Two days after America’s presidential election is Guy Fawkes Day, commemorating the failed attempt in 1605 to blow up the English House of Lords and assassinate King James I, memorialized by the phrase “gunpowder, treason and plot.”
Rebellious Catholics, headed by Robert Catesby and Guy Fawkes, were apprehended hauling 36 barrels of gunpowder into Parliament, where the explosives were to be detonated the next day. Nov. 5 is still celebrated with bonfires throughout Britain.
Given that this election may be the most contentious in American history, the prospect of many, but hopefully far less destructive, Guy Fawkes Days erupting throughout the nation cannot be discounted. No matter who wins, many of the losing side will be angered and outraged with the outcome. Given the intense polarization of society today, easy access to guns and social media and affinities for violence, it is not difficult to imagine “the carnage” of what could happen.
Whether the election is close or not and he loses, President Donald Trump will press charges over fraud, ballot rigging and other electoral malfeasance challenging the election. Recounts will be demanded. Massive numbers of lawsuits and litigation will follow. And both parties will stage huge rallies to influence the final tabulations. Some of those rallies could easily escalate to violence.
In this regard, Trump has several advantages. Historically, Republicans have been better at PR and political perception management dating back to Richard Nixon’s “dirty tricks” operation. This was perfected in the 2000 Miami-Dade County Republican effort to halt the recount, allowing George W. Bush to win the presidency by 537 votes in Florida. Trump’s team is even more skilled.
In 2000, when the Supreme Court ruled 5-4 in Bush’s favor, one swing vote came from Justice Clarence Thomas, appointed by President George H.W. Bush. Trump has three justices he appointed to the court, giving him potentially a 5-4 or 6-3 advantage. And does anyone think in today’s hyperpartisan politics, the court would decide any case based solely on the law, when laws such as the Electoral College Act of 1887 and Presidential Succession Act of 1947 are highly ambiguous?
Trump might also win if the election were forced to the House of Representatives because of a deadlocked Electoral College. Provided Republicans maintained control of at least 26 state delegations, that simple majority would select the president. The outcry would not only be deafening. It could too easily become violent.
Of course, the election could proceed smoothly, probably the least likely scenario. In all other cases, the looming question is how did America get to this point? The answers are not reassuring.
First, while many Americans consider this country to be a democracy, in fact it is a representative republic. Originally, only the House of Representatives was directly elected and then by white, male landowners. States appointed senators and the Electoral College chose the president. The fundamental reason for the Senate, long since forgotten or ignored, was that states should have the power to balance the federal government. Hence, each state, regardless of size or population, was awarded two senators. Further, not only were political parties unmentioned in the Constitution. They were feared as disruptive “factions” destructive to governing.
Even after women won the right to vote in 1920 and senators were popularly elected, the United States remained a republic. Over the past several decades, senators became more dependent on the party for funding and support than the state each represented. As a result, many senators grew ambivalent about loyalty to the party or, as originally intended, to the state. Party as opposed to state loyalty has contributed to making gridlock almost permanent as politics became more rigid. And to Republicans, Trump is the party. That both parties have moved much further to left and right has affected this dual loyalty.

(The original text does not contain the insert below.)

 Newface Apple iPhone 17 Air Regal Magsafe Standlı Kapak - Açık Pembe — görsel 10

Meanwhile, the failure of successive governments to govern has frustrated and disenfranchised many in both political parties. Trump understood and exploited this anger. Unfortunately, given his personality and disruptive nature, Trump has widened these divides. And no apparent countervailing force is present to span or narrow these differences.

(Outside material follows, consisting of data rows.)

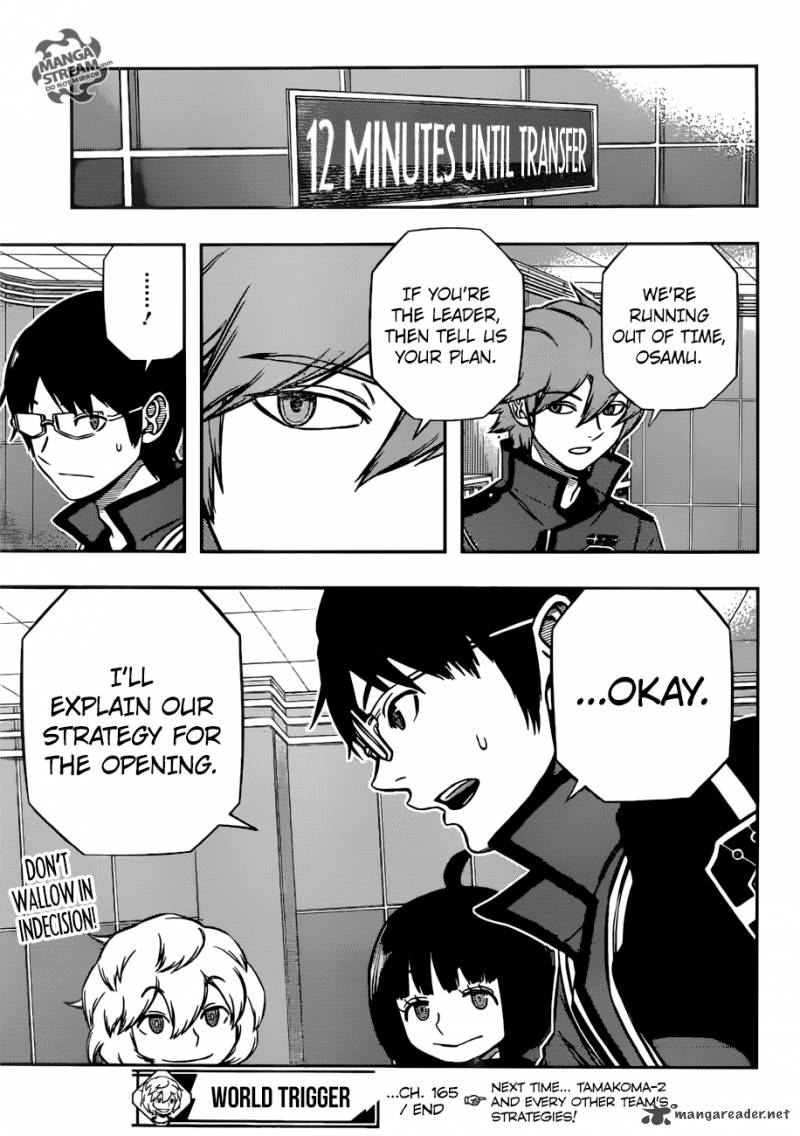 World Trigger Chapter 165 Page 19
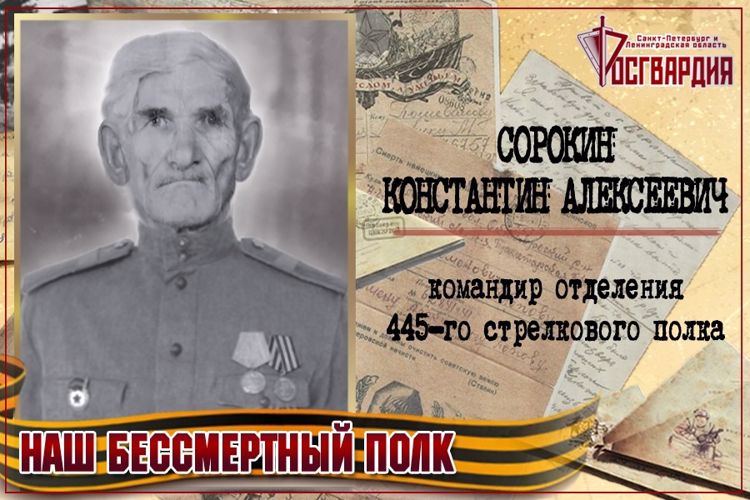 «НАШ БЕССМЕРТНЫЙ ПОЛК». КОНСТАНТИН АЛЕКСЕЕВИЧ СОРОКИН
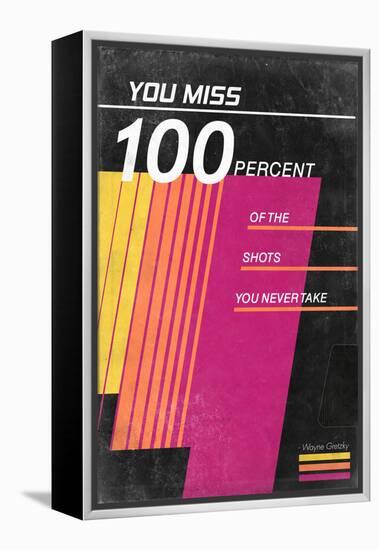 You Miss 100% Of The Shots You Never Take - Wayne Gretzky - VHS Tape-null-Framed Stretched Canvas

After the George Floyd murder, violent protests exploded across the nation. These could be trivial compared to what a contested election might produce. And coronavirus and the raging pandemic that are reaching record highs in new cases, hospitalizations and deaths have accelerated and aggravated these irreparable differences.
What can be done to pre-empt a worst-case scenario? There is only a single and improbable answer. To prevent a 21st century equivalent of the Nov. 5 gunpowder plot, both campaigns must meet and agree now on a modus operandi for resolving any potential contested election crisis. Should that not happen, welcome back Guy Fawkes.
Harlan Ullman is senior adviser at the Atlantic Council and author of the upcoming book, “The Fifth Horseman: To Be Feared, Friended or Fought in a MAD-Driven Age.”